**Task brief**. Pictures aside, copy exactly each line from the one that holds "Jasmine Elcock online" through the last line of the records below.

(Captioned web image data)
--- --- ---

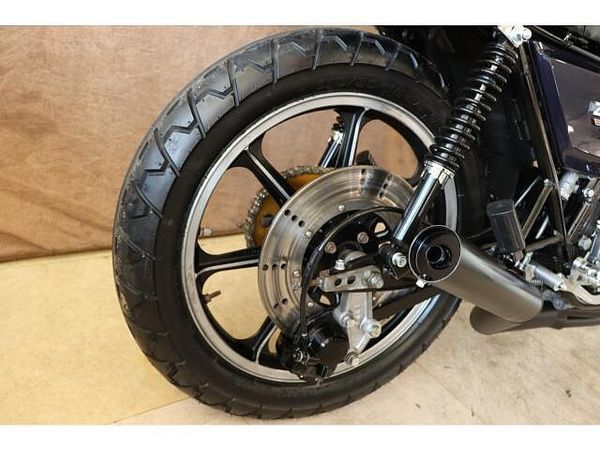 カワサキ Z400FX/Z400J 時代は2気筒から4気筒の400へ!大柄な車体とエッジの効いたカワサキの角型ゼット! 7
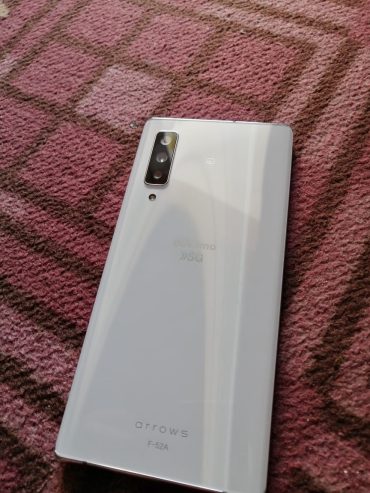 Docomo Arrows F-52a by It’s Honey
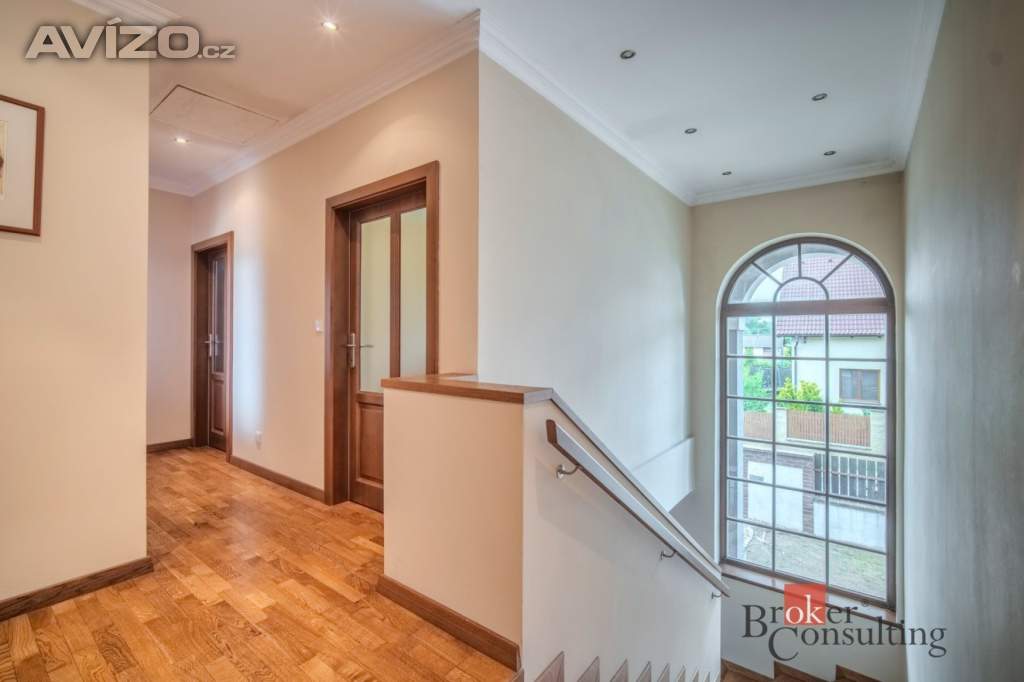 Foto inzerátu Prodej rodinného domu 307 m², Praha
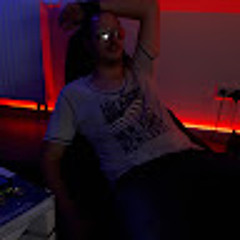 SaschOne van Core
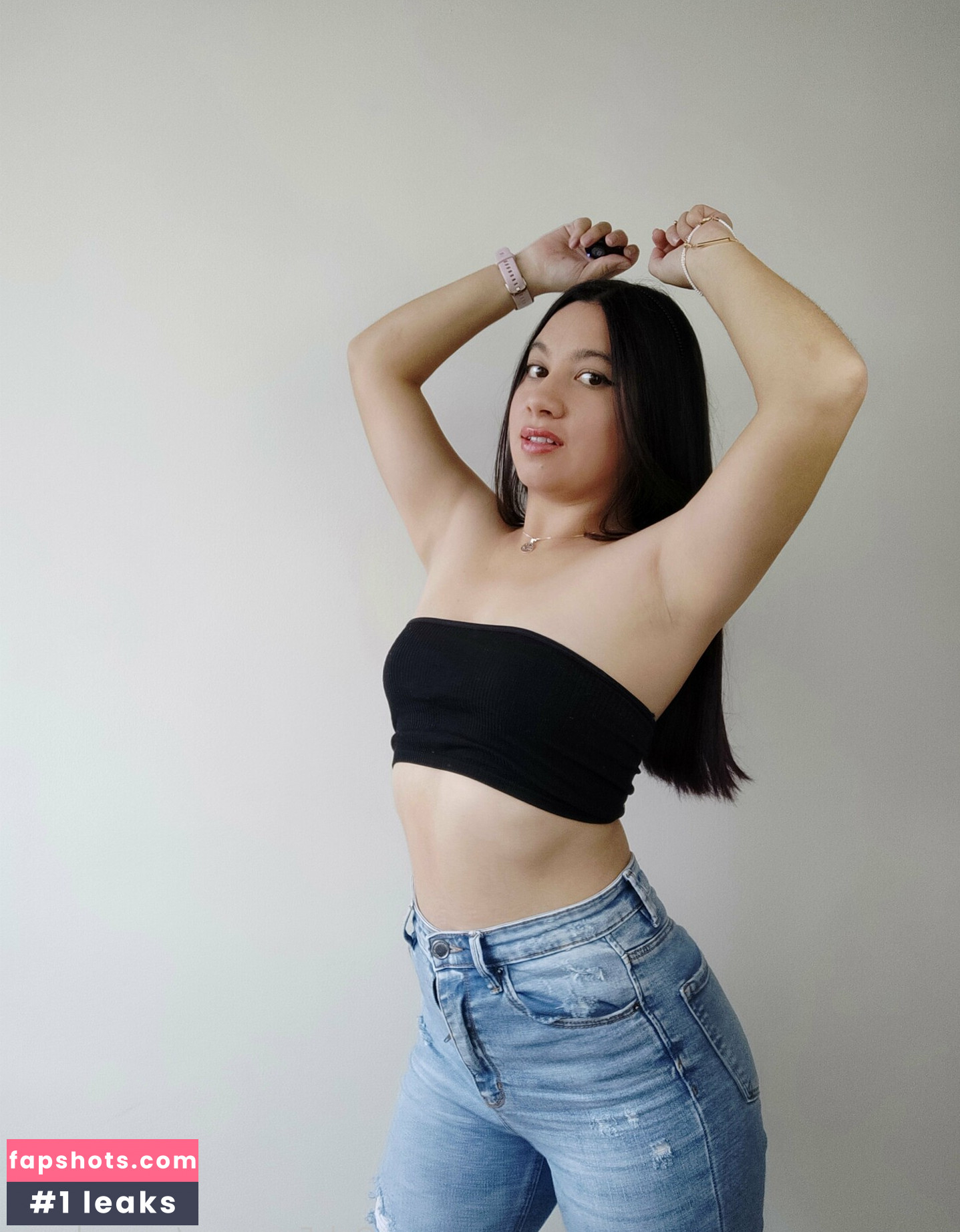 anaandmaga nude babe gallery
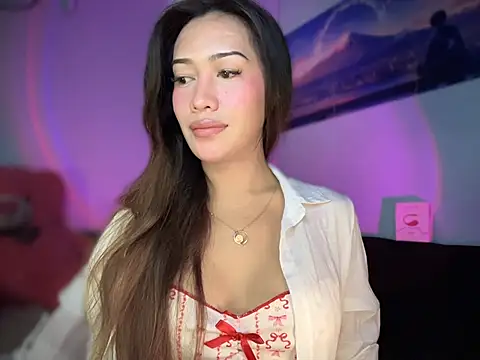 Jasmine Elcock online show from November 27, 6:30 pm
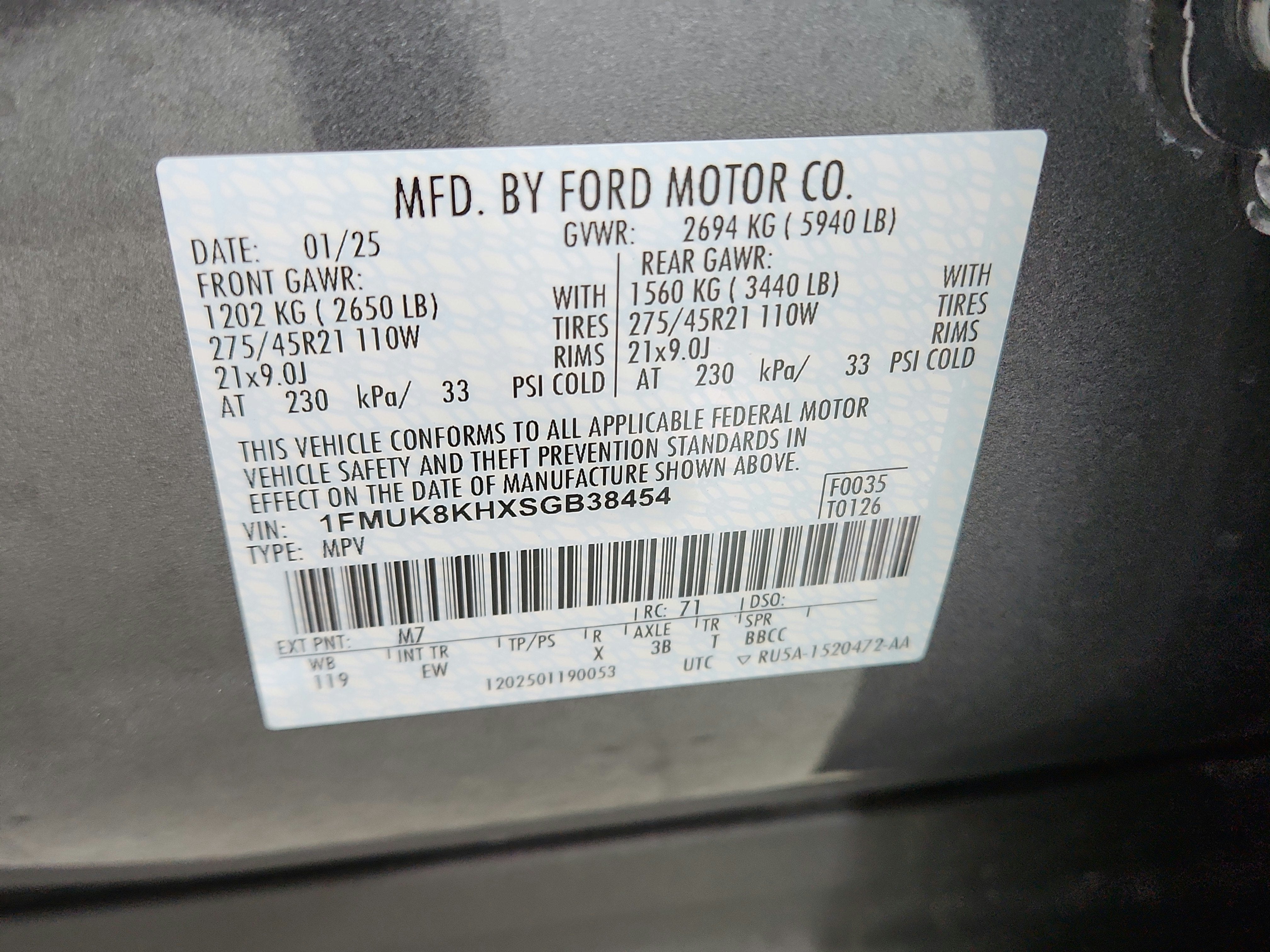 2025 Ford Explorer ST-Line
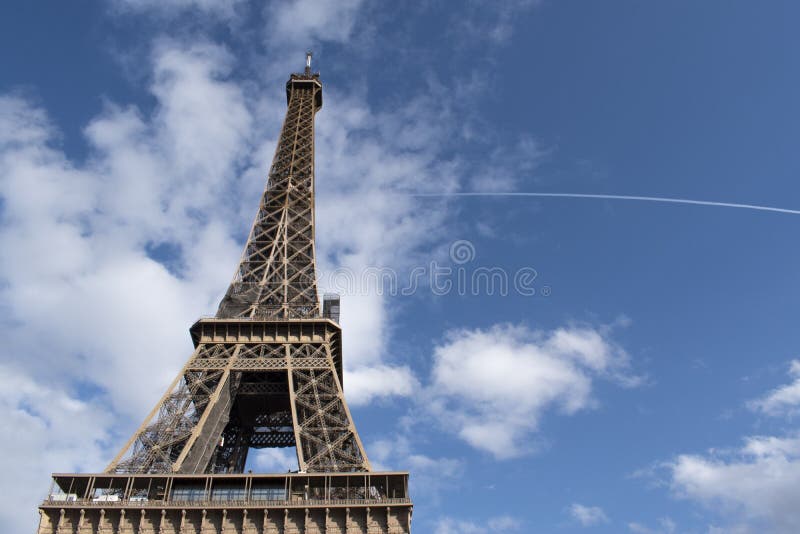 Que se ibstalo en la torre eifel en 1889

--- --- ---

**Answer to this exercise**.
 Jasmine Elcock online show from November 27, 6:30 pm
 2025 Ford Explorer ST-Line
 Que se ibstalo en la torre eifel en 1889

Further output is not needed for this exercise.